### Problem requirements:
The result should be the lines from the one holding "8004 Bay Drive Tampa FL 33635" to the end of the records below, repeated exactly. No pictures.

Crawled caption data:
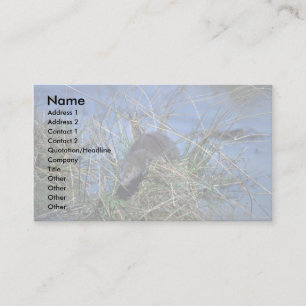 Nerz, das auf grasartigem Tussock im Sumpf Visitenkarte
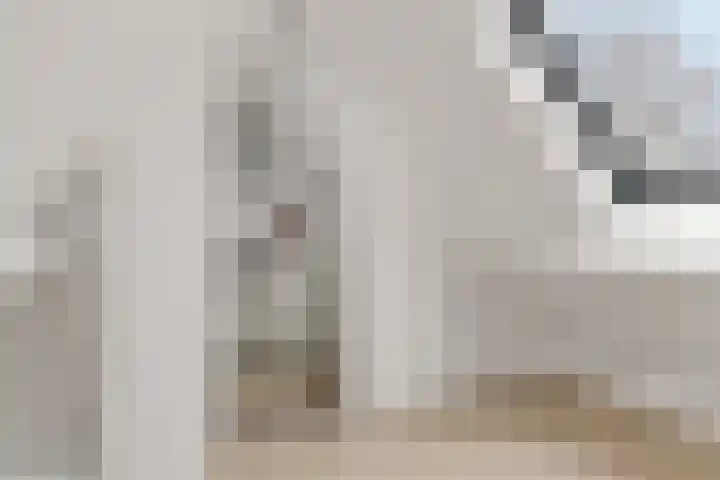 Kwikstaart 24 Siddeburen thumbnail 49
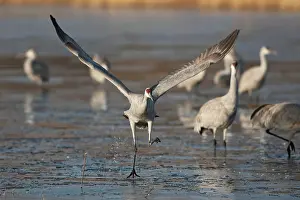 Tabida: Sandhill Crane taking off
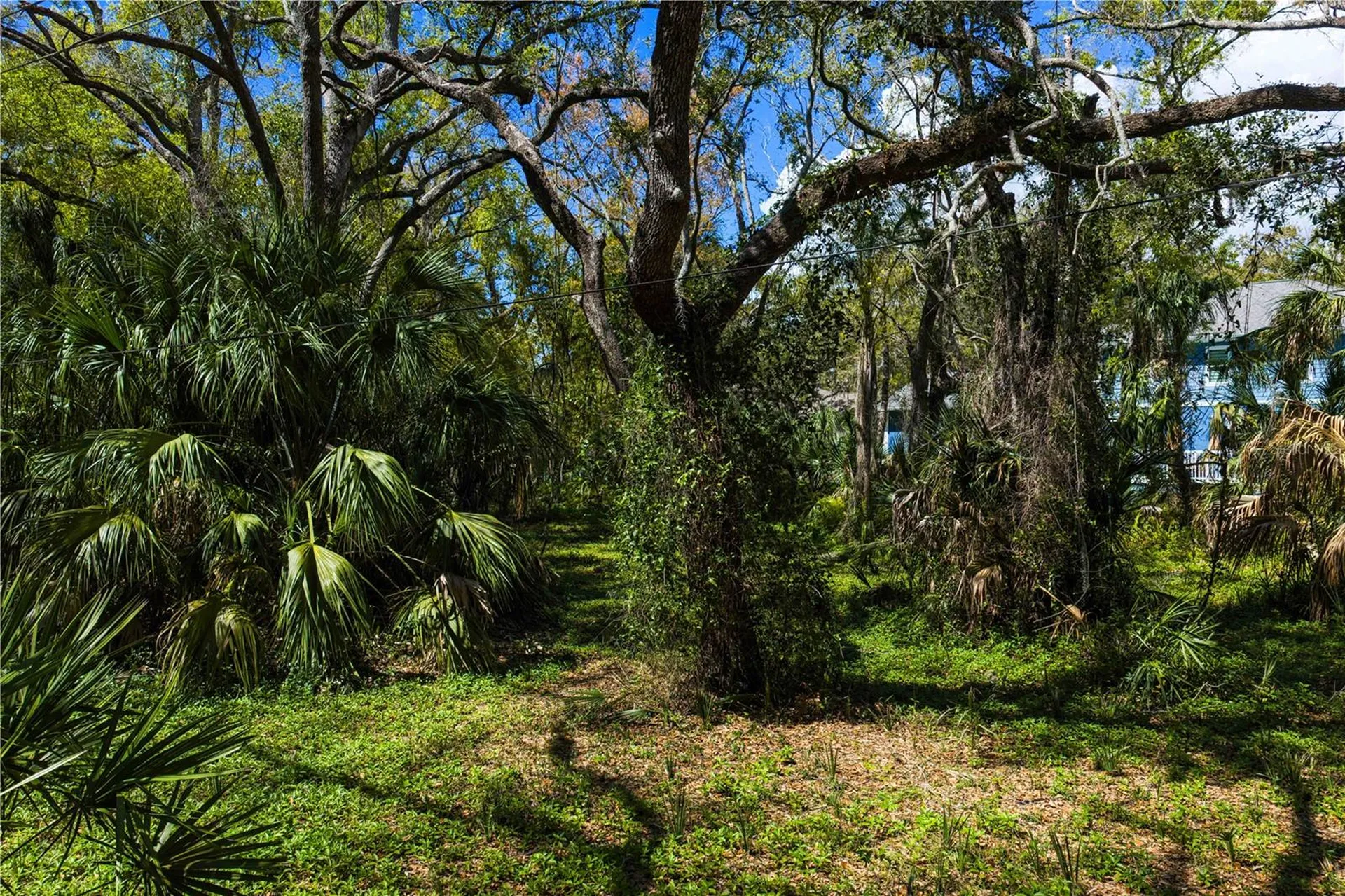 8004 Bay Drive Tampa FL 33635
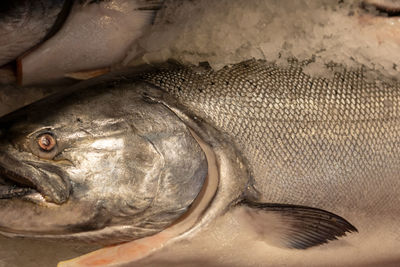 Close-up of fish for sale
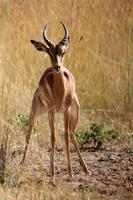 Krüger-Nationalpark: Impala &ndash; &copy; Astrid Kunath (Eberhardt TRAVEL)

### Written answer:
 8004 Bay Drive Tampa FL 33635
 Close-up of fish for sale
 Krüger-Nationalpark: Impala &ndash; &copy; Astrid Kunath (Eberhardt TRAVEL)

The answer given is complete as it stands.